Another way in which social hierarchies of people are inverted is through foolish mistakes. Antonio has had a very unpleasant history with Duke Orsino, as he stole from his ship in the past. "The gentleness of all the gods go with thee! I have many enemies in Orsino's court, Else would I very shortly see thee there."(II.i.37-39). From his foolish mistakes in the past, Antonio is treated like a low class peasant. Sir Andrew is another character who has suffered the same consequences as Antonio, but not through stupidity, through luck. Being friends with Sir Toby, Sir Andrew would seem like he has a high social status since he is with a person who is well known. Sir Toby feels that Olivia needs a man to accompany her, and he has assigned Sir Andrew to do so. In act 5, when all is revealed, Sir Andrew is upset to find out that Sebastian and Olivia are married and he leaves Olivia's house. Sir Andrew's social status has been overthrown and know is only known as a middle class person. Lastly, Malvolio is another person who's social status is overthrown due to one foolish mistake. After getting Sir Toby and Maria mad at him because of his rudeness, he was being made to look like a fool by wearing ugly clothing, being locked up and being embarrassed in front of everybody. As a result, his class and social status is condescended and he exits by wanting revenge on everyone "I'll be revenged on the whole pack of you."(V.i.380). Shakespeare's message was that even the greatest of the great could make mistakes that can ruin their impressions and class.

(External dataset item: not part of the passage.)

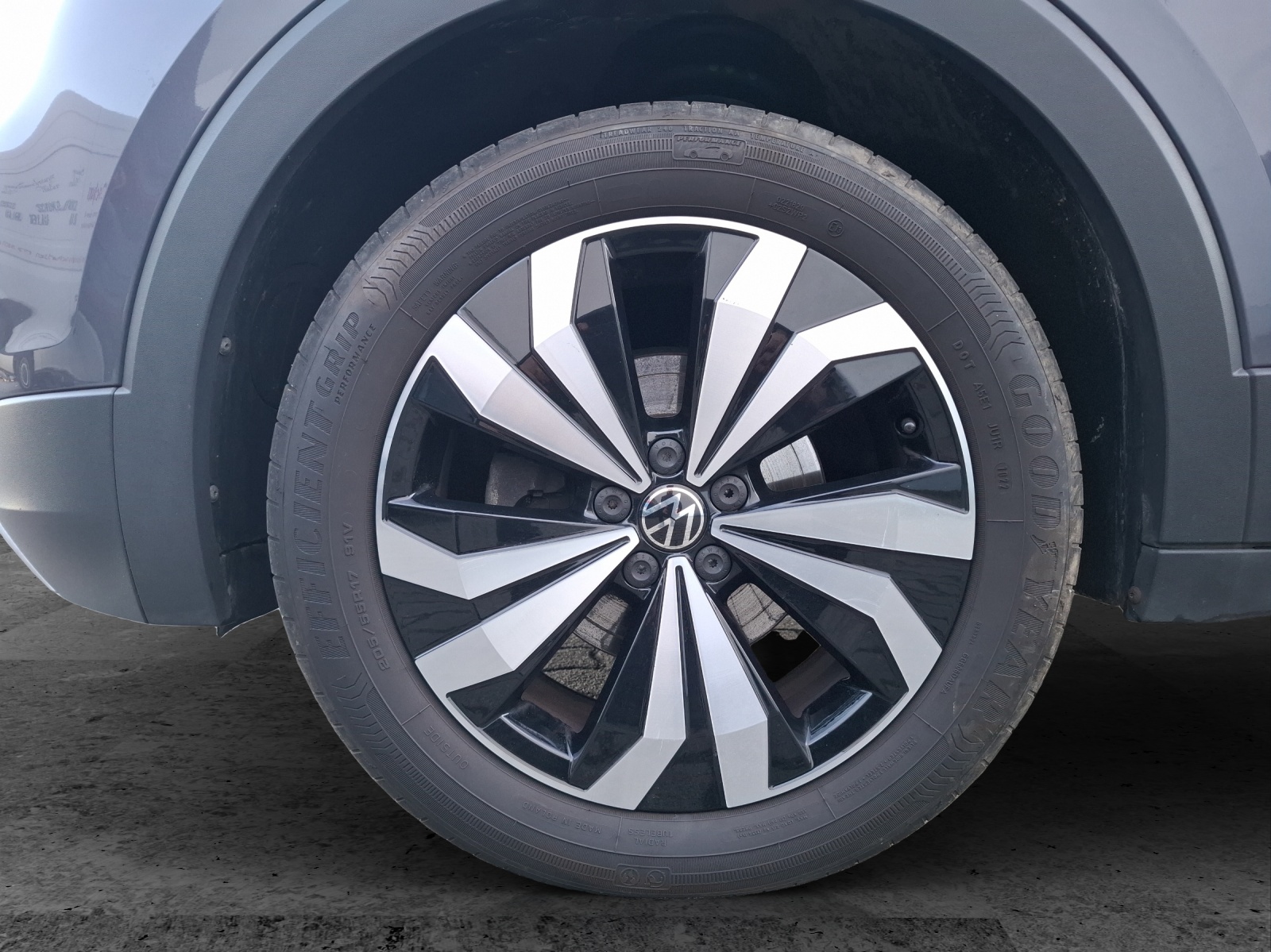 Fahrzeugabbildung Volkswagen T-Cross TSI Active DSG LED Navi AID ACC RFK SH 17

Through the journey of love, social statuses and class is escalated through the marriages of characters. As Sir Toby is Olivia's uncle, he is considered a royal person. After marrying Maria, who is Olivia's servant, Maria's social status has escalated and has now become a royal woman. Another person whose social status has increased through marriage is Sebastian. Olivia is a noble woman that resides in Illyria, who insists that she is in mourning for her recently deceased brother and will not marry for seven years. Viola's arrival as Cesario, urges Olivia to break out of her melancholy. In the play, it is supposed that Sebastian belongs to middle, high-class family. After marrying Olivia, he has become a part of the royal family. Just like her twin brother Sebastian, Viola's marriage to Duke Orsino increased her social rank. Before Viola's guise is unmasked, she was a servant to Duke, who was ordered to woo Olivia. "And since you called me "master" for so long, here is my hand. You shall from this time be your master's mistress"(V.i.326-329). In that quote, Duke Orsino asks Viola to marry him, making Viola part of a royal kingdom. Through the journey of love, social rank and class can be overthrown by marriage.

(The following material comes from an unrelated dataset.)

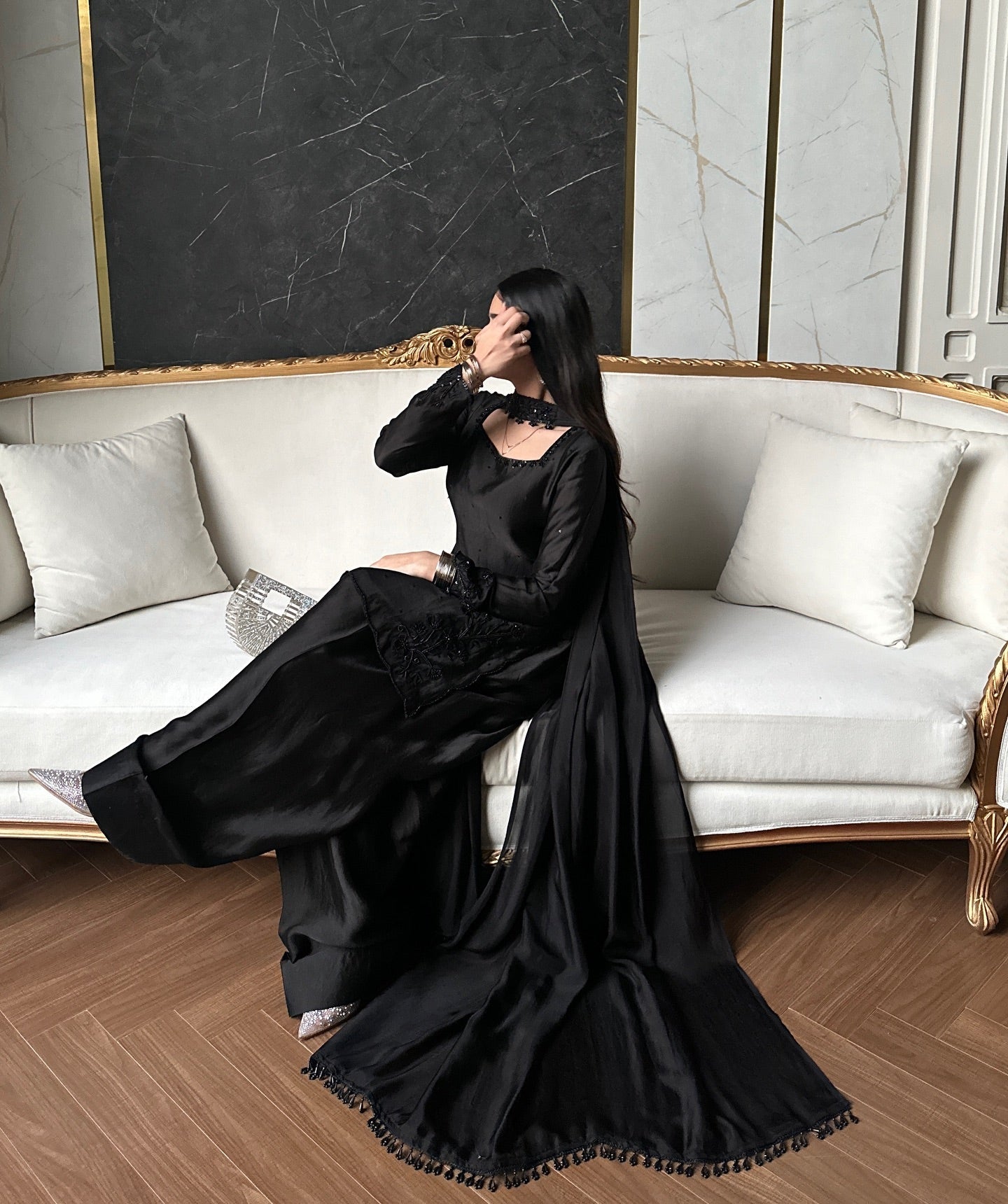 Noir Grace - LIBASENISA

Shakespeare shows the importance of inversion in social rankings and class in the play Twelfth Night. From Malvolio's instincts about others and foolish mistakes made by minor characters to the marriages of lovers, many have suffered the dreadfulness or achieved the slenderness of social hierarchy. As William P. Leahy would say "I would say the hierarchy has made terrible errors in judgment and it has to seek forgiveness by its members."